## Description of the task:
A verbatim copy is needed of the lines below from the one containing "Sterling Silver Turquoise" up to and including the one containing "Coffee Gator Coffee", excluding pictures.

## Information given:
※ ※ ※

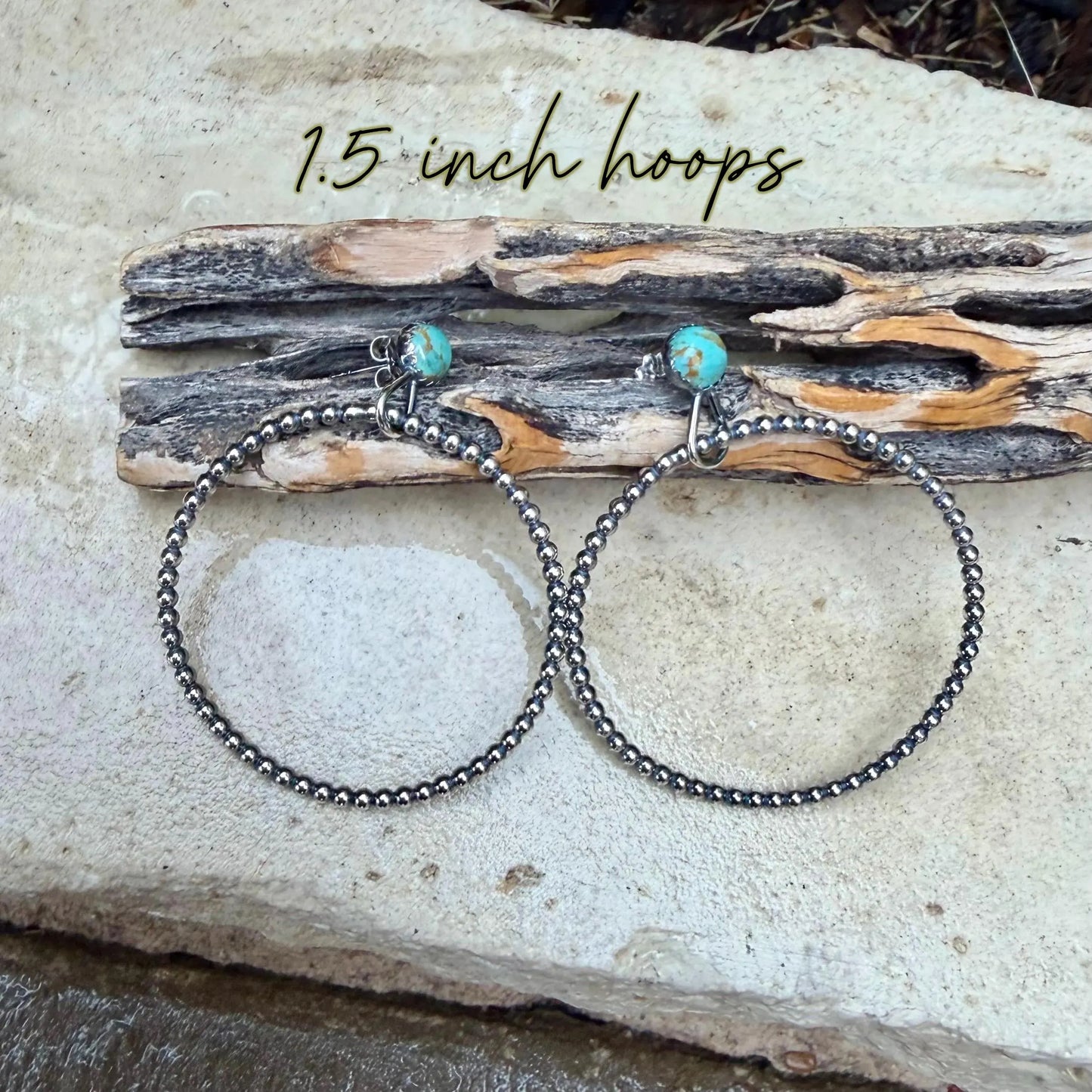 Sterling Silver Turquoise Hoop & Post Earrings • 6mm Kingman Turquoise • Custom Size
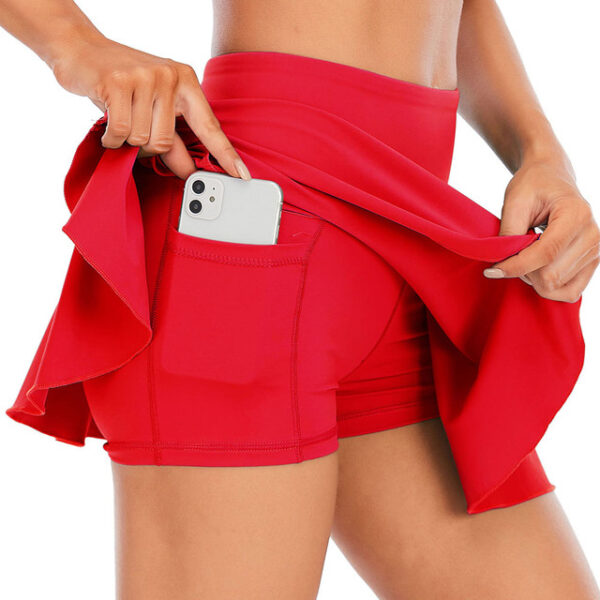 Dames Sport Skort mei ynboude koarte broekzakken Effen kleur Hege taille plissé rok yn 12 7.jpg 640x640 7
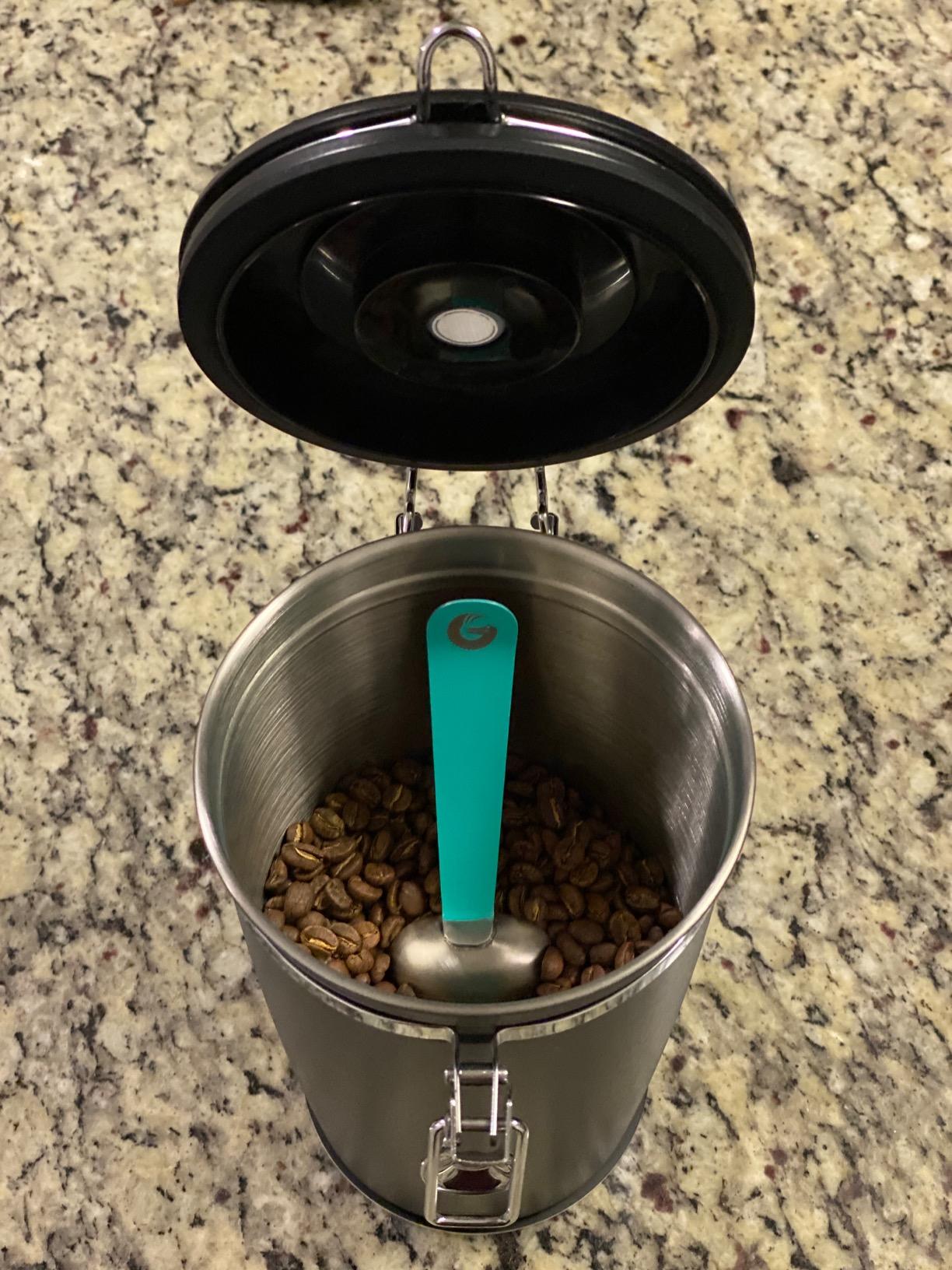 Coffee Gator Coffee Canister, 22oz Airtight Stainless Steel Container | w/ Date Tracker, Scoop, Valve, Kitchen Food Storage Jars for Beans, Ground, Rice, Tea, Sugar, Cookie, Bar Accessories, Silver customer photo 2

※ ※ ※

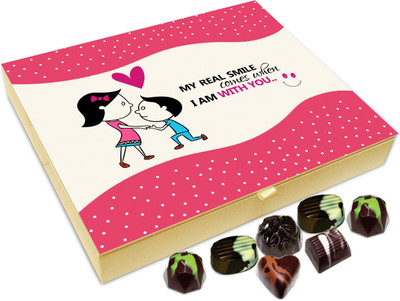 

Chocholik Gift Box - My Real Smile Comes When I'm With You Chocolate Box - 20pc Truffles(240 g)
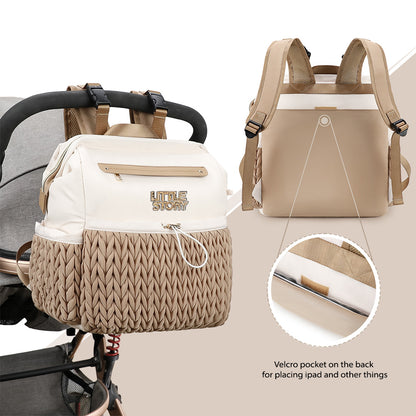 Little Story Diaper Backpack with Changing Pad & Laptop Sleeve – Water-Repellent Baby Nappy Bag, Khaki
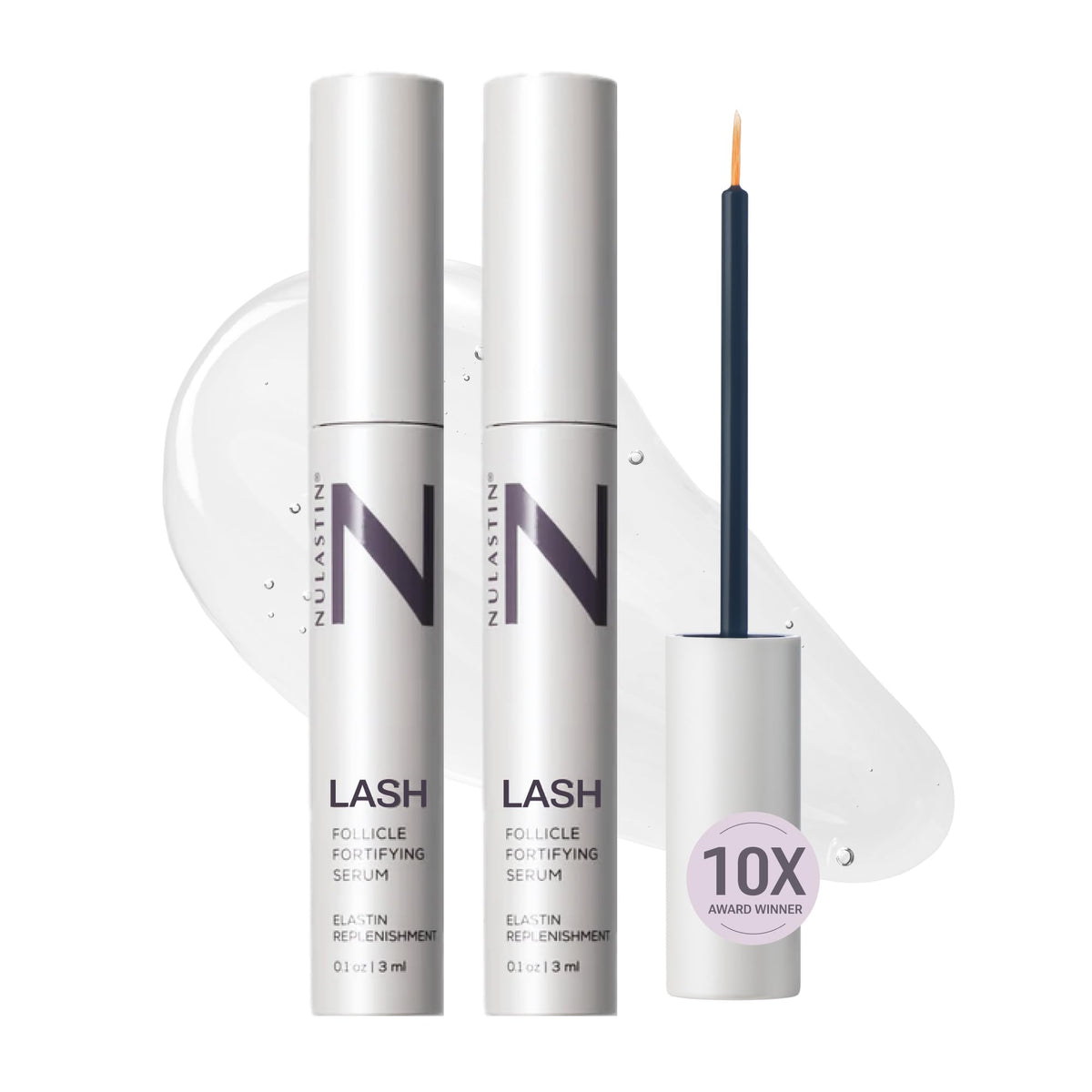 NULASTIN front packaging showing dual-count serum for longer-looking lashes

※ ※ ※

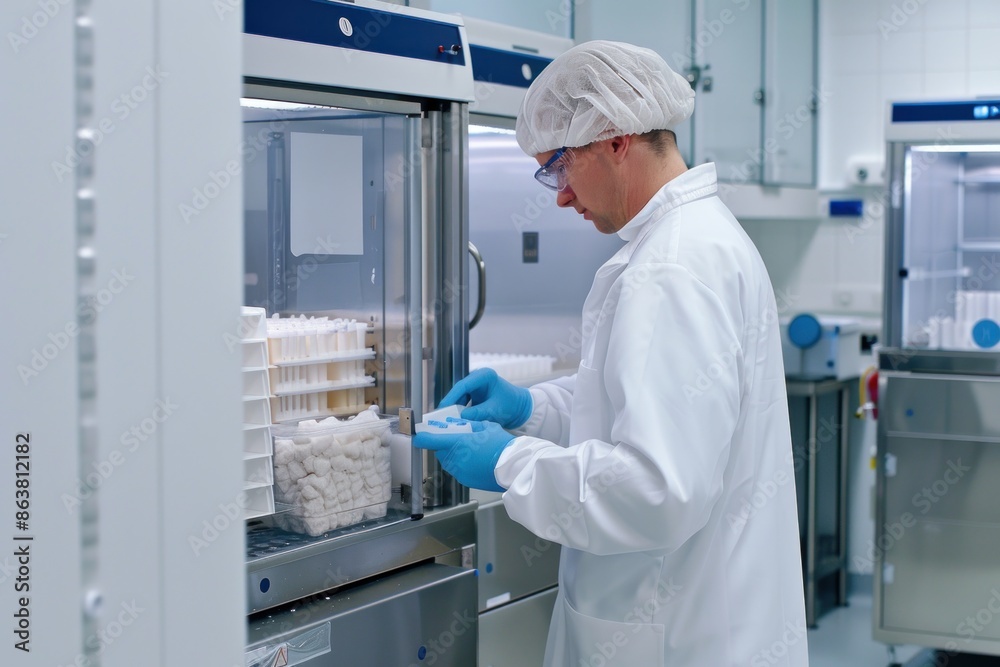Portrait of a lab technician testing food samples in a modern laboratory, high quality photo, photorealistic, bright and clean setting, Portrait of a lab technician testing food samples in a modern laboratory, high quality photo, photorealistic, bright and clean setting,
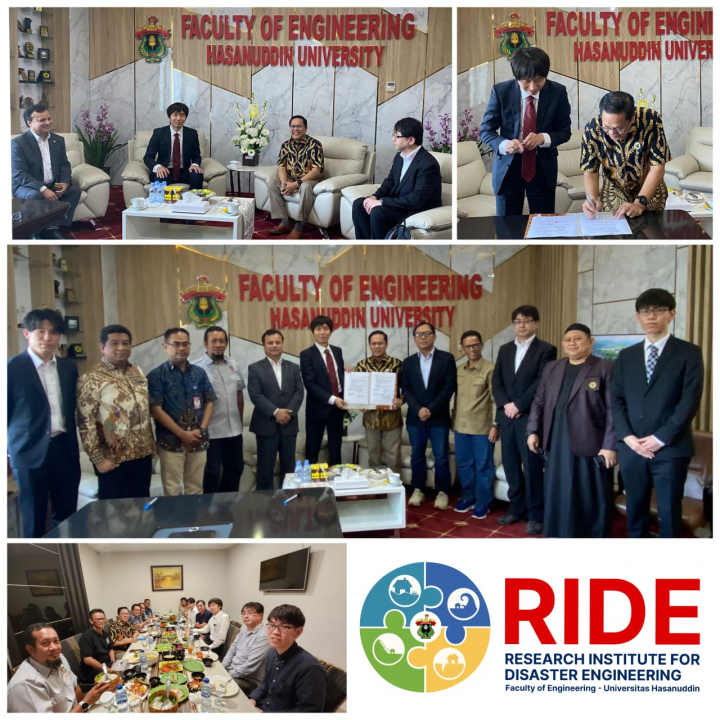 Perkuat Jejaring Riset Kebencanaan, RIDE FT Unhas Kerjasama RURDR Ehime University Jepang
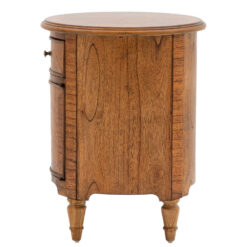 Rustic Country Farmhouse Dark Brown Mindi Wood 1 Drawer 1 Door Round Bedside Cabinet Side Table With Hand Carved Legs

※ ※ ※

## Answer area:
 Sterling Silver Turquoise Hoop & Post Earrings • 6mm Kingman Turquoise • Custom Size
 Dames Sport Skort mei ynboude koarte broekzakken Effen kleur Hege taille plissé rok yn 12 7.jpg 640x640 7
 Coffee Gator Coffee Canister, 22oz Airtight Stainless Steel Container | w/ Date Tracker, Scoop, Valve, Kitchen Food Storage Jars for Beans, Ground, Rice, Tea, Sugar, Cookie, Bar Accessories, Silver customer photo 2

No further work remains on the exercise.